Midterms are likely to scorch Biden climate agenda for agriculture
Republican lawmakers, who have chafed and balked at President Biden’s climate initiatives for months, would likely use their expanded strength from the midterm elections to hobble the administration’s climate agenda for agriculture. Two members of the House Appropriations subcommittee on agriculture already have hinted at a crackdown on USDA’s spending powers.
- READ MORE: Secret Subsidies: Program meant to help farmers in trade war overspent, lacked transparency
The GOP is expected to win control of the House and perhaps the Senate as well in Tuesday’s elections. Republicans, who gave President Trump a free hand during his tenure, say they will monitor closely USDA programs if given a majority.
“If the Senate were to flip, as chair you can expect that he [Sen. John Boozman] will pursue rigorous oversight of USDA’s actions that prioritize the president’s political agenda over the needs of our ag community,” said a Boozman spokesman. The Arkansas Republican, the senior Republican on the Senate Agriculture Committee, has questioned whether the USDA has the authority to launch climate programs on its own. “In his view, the needs of our farmers, ranchers and foresters must come first at USDA.”
Pennsylvania Rep. Glenn Thompson, Boozman’s counterpart on the House Agriculture Committee, said in late September that climate mitigation does not deserve priority over other soil and water conservation goals, notwithstanding the $20 billion earmarked for it. “I don’t feel bound by the amount of funding or the specific program allocation passed in the partisan [climate, healthcare and tax] bill,” said Thompson. Early this year, he said USDA acted as “a lone wolf” with its proposal to develop climate-smart commodities, and at a farm show in August he said he wanted to “make sure the  farm bill doesn’t become the climate bill.”

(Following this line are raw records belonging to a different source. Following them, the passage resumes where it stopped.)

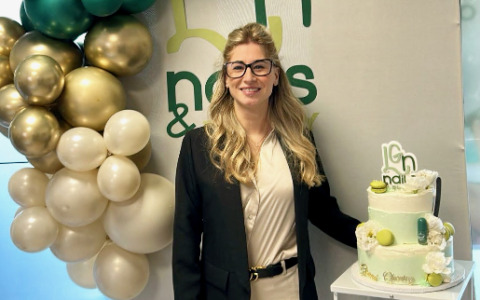 Il sogno realizzato di Lorena Naccarino, che ha aperto il suo centro estetico a Curno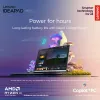 Lenovo IdeaPad plāns 5 klēpjdators — Ryzen 7 7735HS, 14 collu WUXGA IPS 300 nitu, 16GB RAM, 1TB SSD, AMD Radeon 680M, microSD lasītājs, Windows 11 Home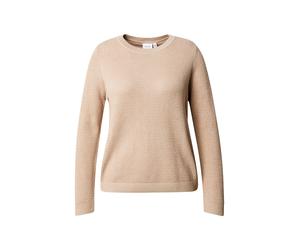 VILA Jersey 'DALO' beige claro S beige claro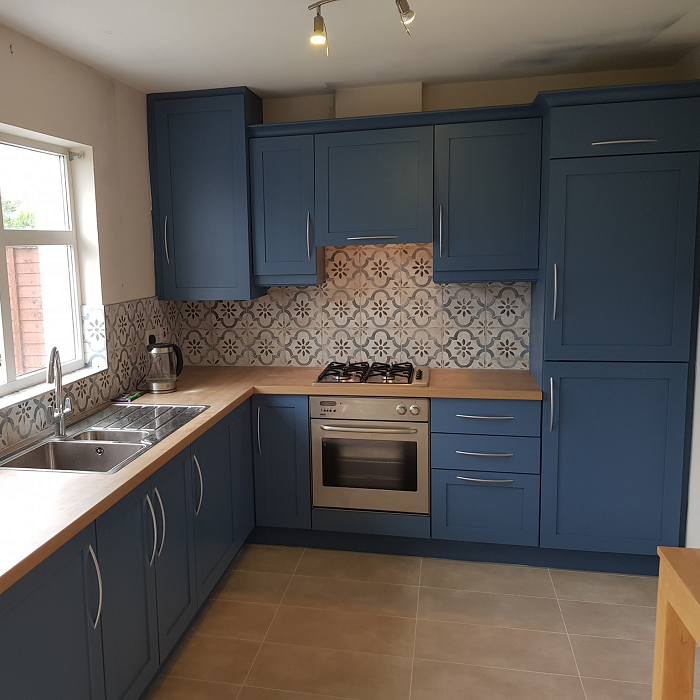 Priory Wall - Colourtrend Paint - Historic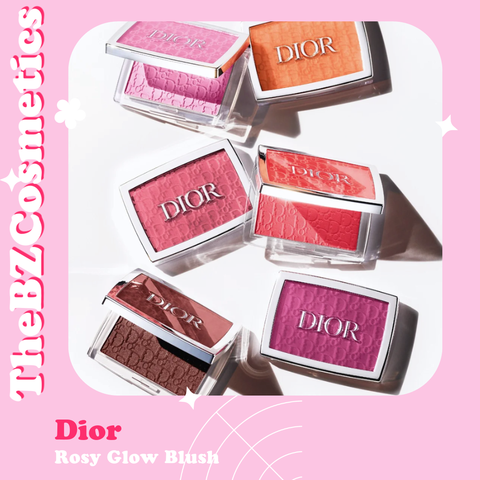  Phấn má Dior Rosy Glow Blush các màu hot 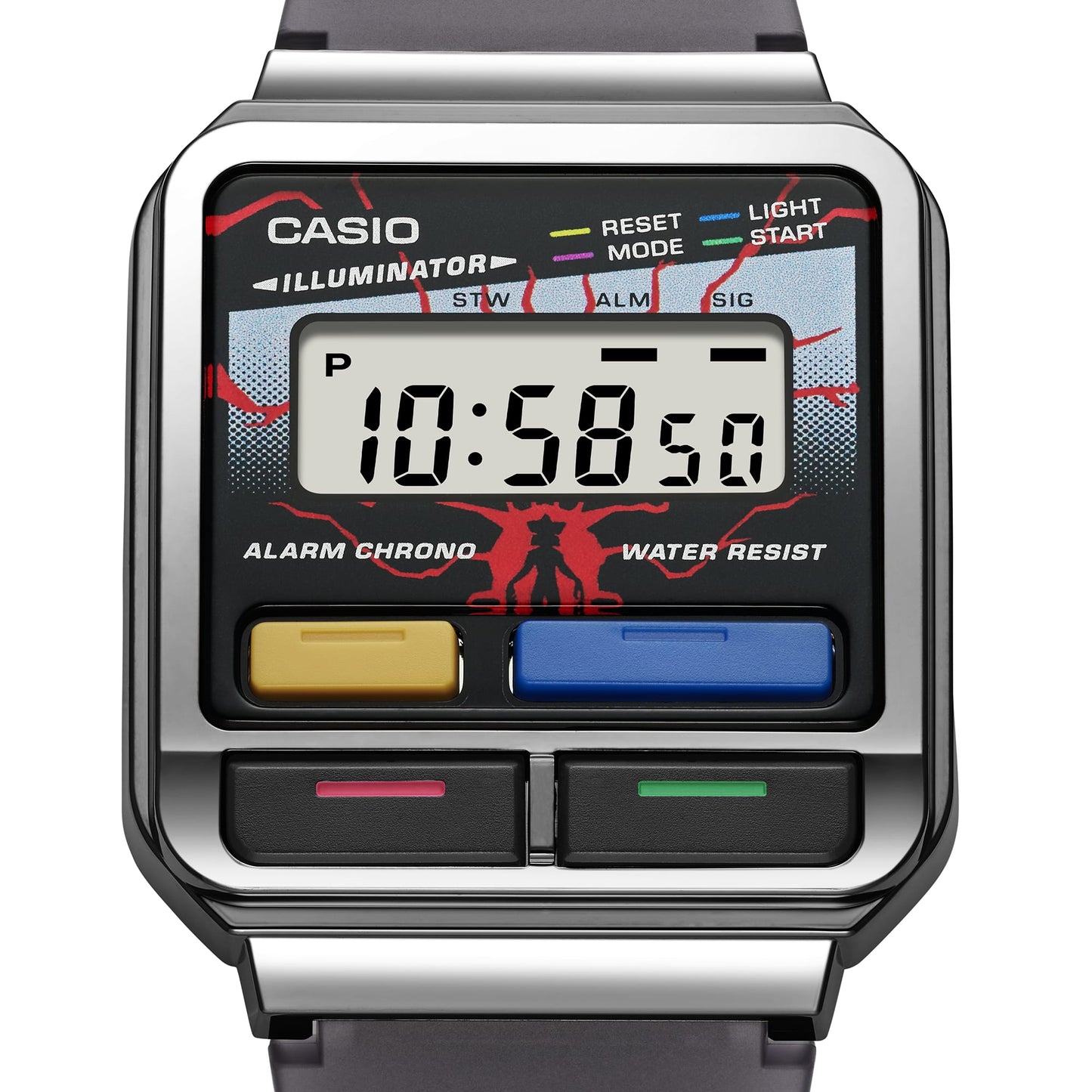 Casio G-Shock Watch A120WEST-1A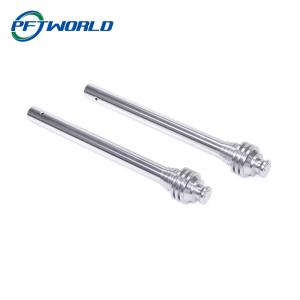 Best CNC Turning Milling Aluminum Parts 5 Axis Precision CNC Machining wholesale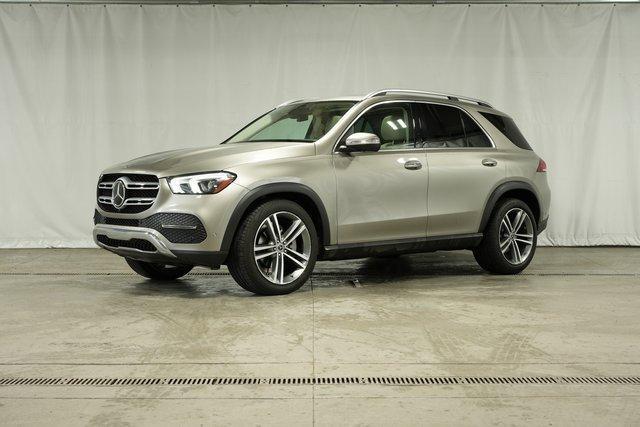 used 2021 Mercedes-Benz GLE 350 car, priced at $34,994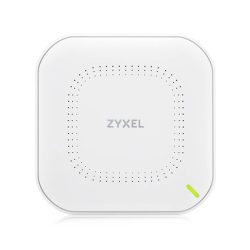 ZYXEL Wireless Access Point Dual Band AX3000 (WiFi 6) Falra rögzíthető 1x2.5G, NWA50AXPRO-EU0102F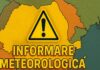 Informarea Meteorologica ANM Oficiala ULTIMA ORA 11 Iunie 2025 Romania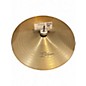 Used Zildjian 14in New Beat Hi Hat Pair Cymbal thumbnail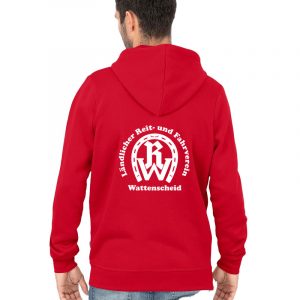 JAKO Kapuzenjacke Organic – RV Wattenscheid Vereinskollektion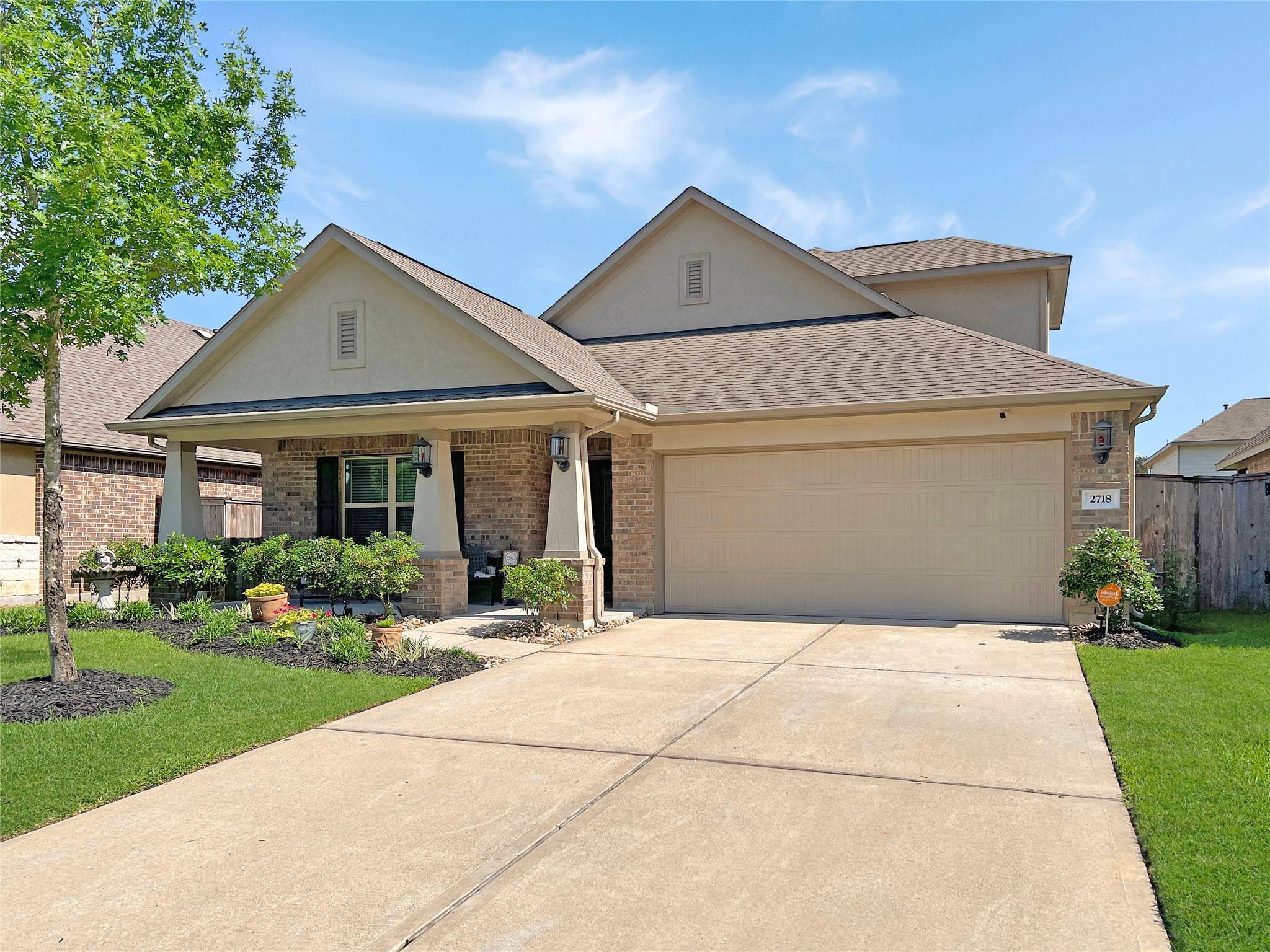 Conroe, TX 77301,2718 Little Caney WAY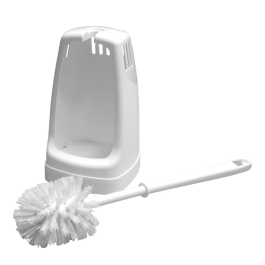 Hygoclean toalettbørstesett, hvit, 5 x 1 Stykk, SFM-700640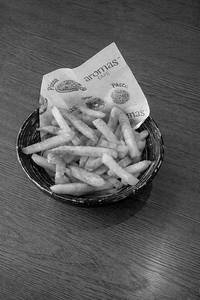 Peri Peri Fries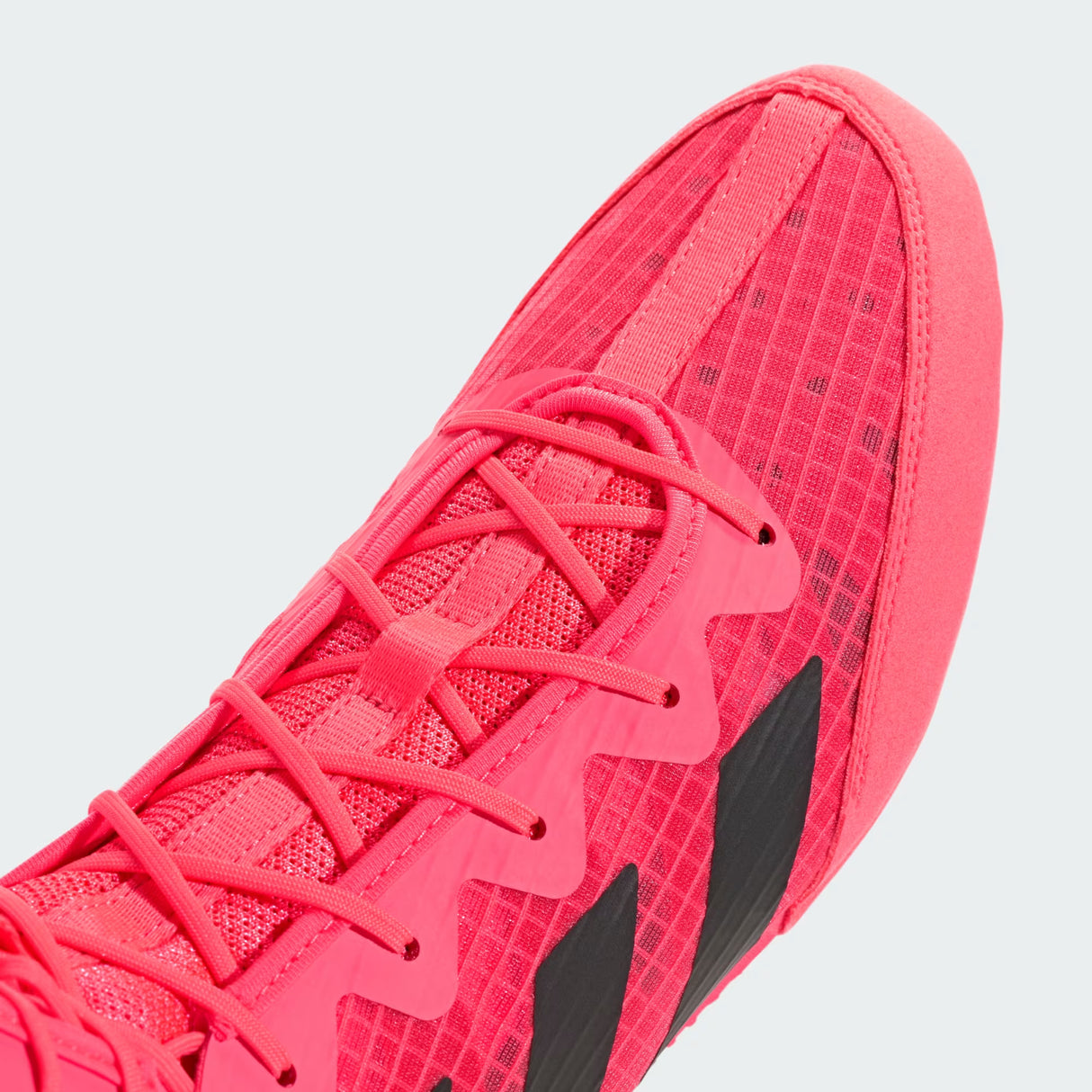 Adidas Box Hog 4 Boxing Boots - Solar Turbo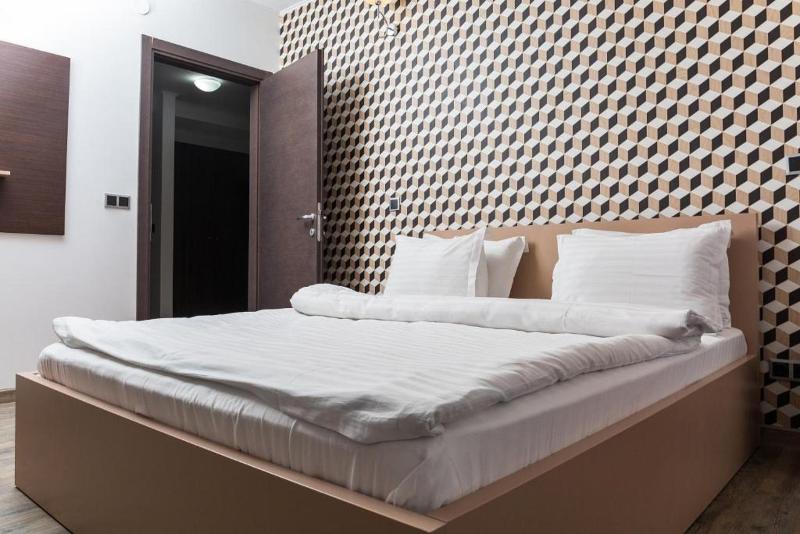 Silver Mountain Resort & SPA - Oda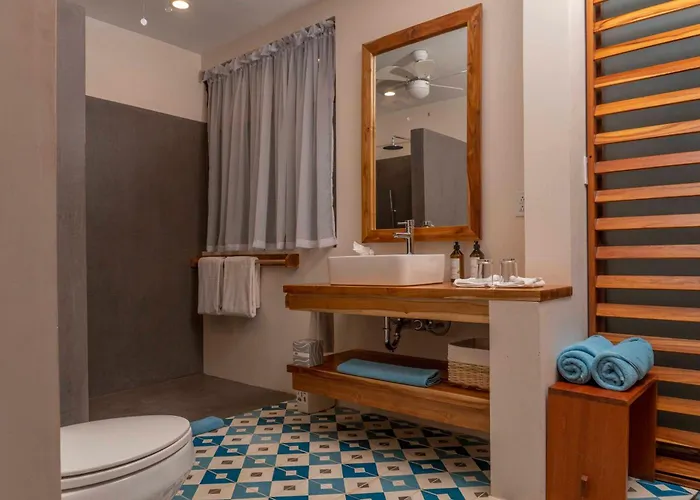 Hotel Capitan Suizo Beachfront Boutique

Agriculture Secretary Tom Vilsack announced the Partnerships for Climate-Smart Commodities in February as a $1 billion array of pilot projects designed to mitigate global warming and generate revenue for producers. Seven weeks ago, Vilsack said the administration would put $3.5 billion into the pilot projects, three times more than originally planned.
Biden has said he wants U.S. agriculture to be the first in the world to achieve net-zero greenhouse gas emissions and aims to cut overall U.S. emissions in half by 2030.
“In no way can $3.5 billion be considered a ‘pilot program,’ and there must be direct congressional involvement before a program of this magnitude is implemented,” wrote 10 House Republicans in an Oct. 28 letter to Vilsack. “USDA’s unilateral move has raised questions about current and future congressional oversight of CCC funding.”
The Commodity Credit Corp (CCC), with $30 billion in spending power, is the source of money for the climate-smart projects. Maryland Rep. Andy Harris, the GOP leader on the Appropriations subcommittee on agriculture, and Rep. David Valadao, a California Republican, were among the lawmakers who signed the letter.
Congress restricted USDA’s powers to tap the CCC, known as “USDA’s bank,” during President Obama’s second term, from 2012-17. Republicans said the USDA unfairly tried to help Senate Agriculture chairwoman Blanche Lincoln win re-election in 2010 by launching a cotton support program. The limitations were removed while Trump was in office, which gave him the freedom to spend $23 billion on trade-war payments to farmers in 2018, 2019 and 2020.
Despite rancor over the $20 billion allotted for stewardship programs, a Republican majority would be ill-advised to eliminate the funding, said farm policy consultant Ferd Hoefner. “This is likely to be the only new funding for the farm bill in the next farm bill cycle,” said Hoefner, who believes practicality will prevail.
“The top thing on the long list of things agriculture can do to help solve the climate crisis is to address nutrient pollution, which just happens to be the most important thing agriculture can do to solve water quality problems, just to give an example of the larger point,” said Hoefner. “We need integrated solutions to integrated problems and thankfully, the best conservation practices tend to positively address multiple resource concerns.” He declined to speculate on the future of the climate-smart partnerships.
Scott Faber, of the Environmental Working Group, said there was broad support for incentives to farmers and ranchers to reduce greenhouse gas emissions. The unresolved question, in his view, is how much emphasis to put on climate mitigation in USDA’s conservation program. “So regardless about what happens on election day, EWG is optimistic that the next farm bill will transform conservation programs to help us avoid a climate catastrophe and a political catastrophe for farmers.”
If Republicans control the House and Senate, they might refuse additional funding for climate programs at USDA, although the $20 billion would remain available, said IFPRI senior fellow Joe Glauber. With continued polarization of Congress and the 2024 presidential election on the horizon, an extension of the 2018 farm policy law, rather than enactment of a new farm bill in 2023, “looks [to be] the most likely outcome,” said Glauber. “And expect some nasty hearings on climate programs.”